**AVAILABLE DATA:**
= Beginning of Section =

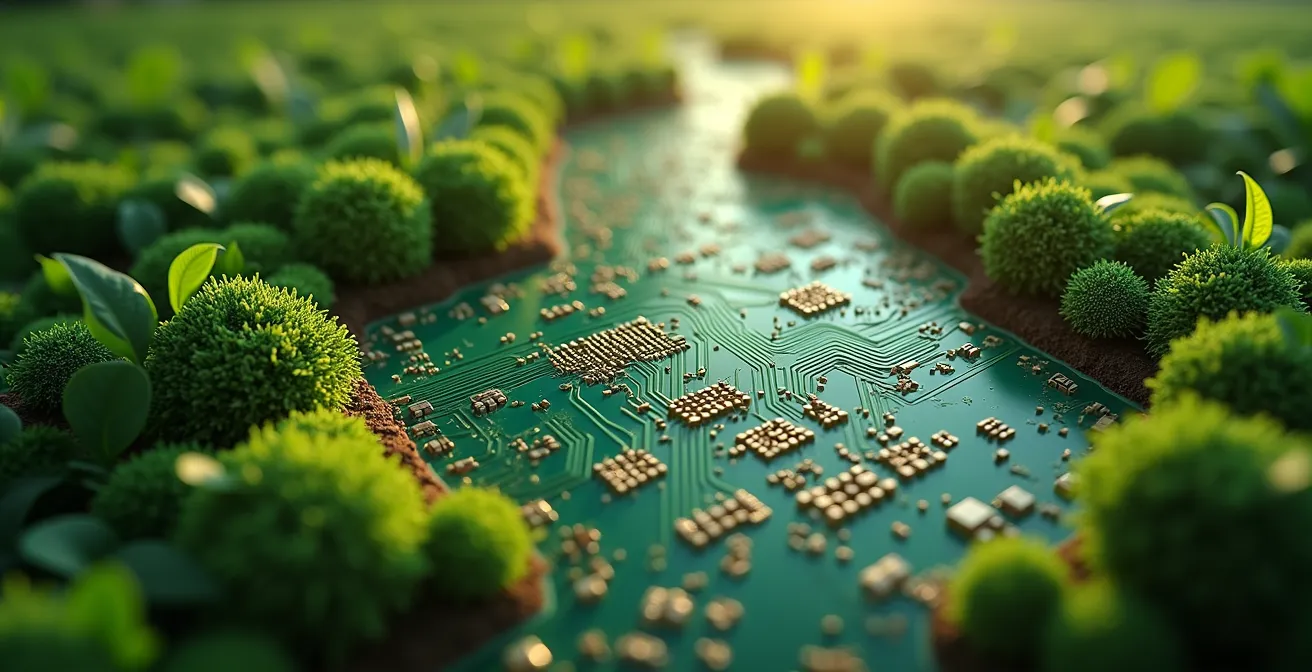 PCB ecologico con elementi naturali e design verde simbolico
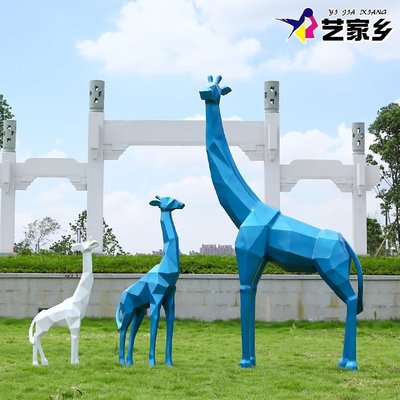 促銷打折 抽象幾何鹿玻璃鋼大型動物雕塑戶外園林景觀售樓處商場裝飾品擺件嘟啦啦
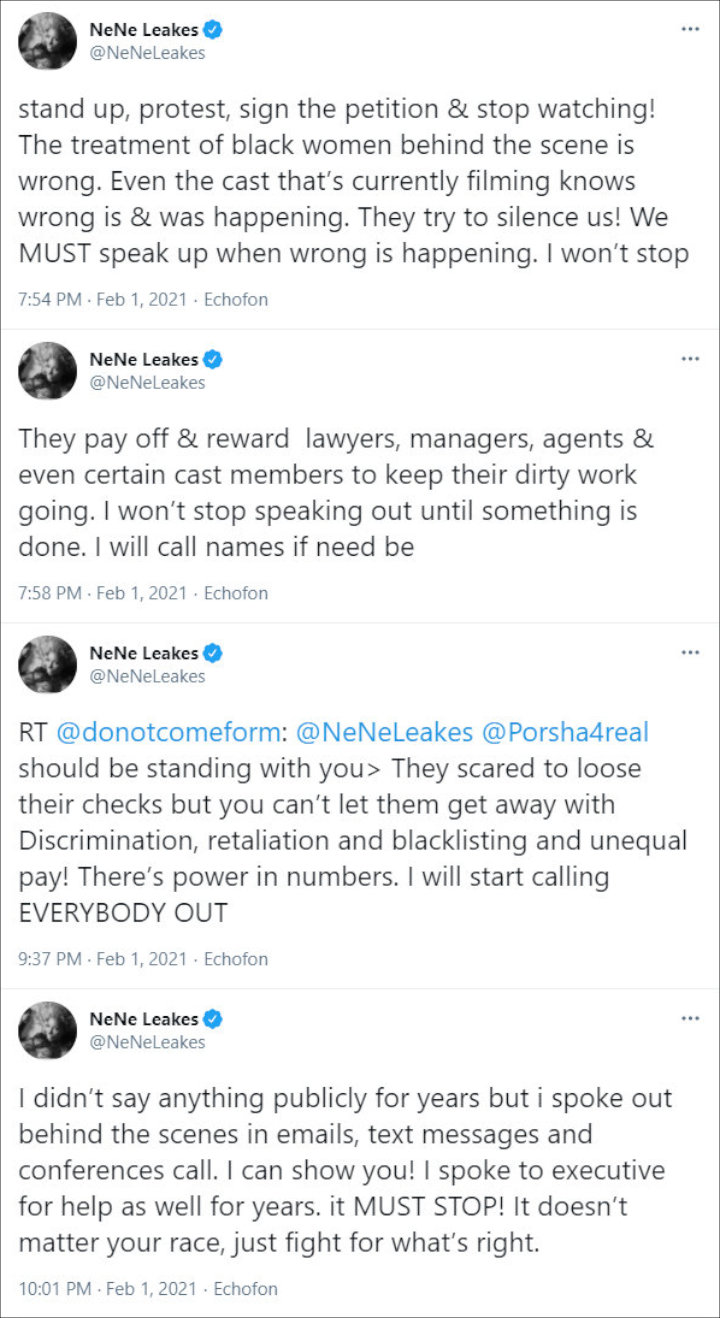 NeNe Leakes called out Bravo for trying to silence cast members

= End of Section =
= Beginning of Section =

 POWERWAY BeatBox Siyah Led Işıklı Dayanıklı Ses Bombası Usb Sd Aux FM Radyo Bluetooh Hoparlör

= End of Section =

**WORK ITEM:**
Transcribe, word for word, the lines of the listing above from the one that contains "促銷打折 抽象幾何鹿玻璃鋼大型動物雕塑戶外園林景觀售樓處商場裝飾品擺件嘟啦啦" through the one that contains "NeNe Leakes called", keeping both ends and dropping the pictures.

**ANSWER:**
 促銷打折 抽象幾何鹿玻璃鋼大型動物雕塑戶外園林景觀售樓處商場裝飾品擺件嘟啦啦
 NeNe Leakes called out Bravo for trying to silence cast members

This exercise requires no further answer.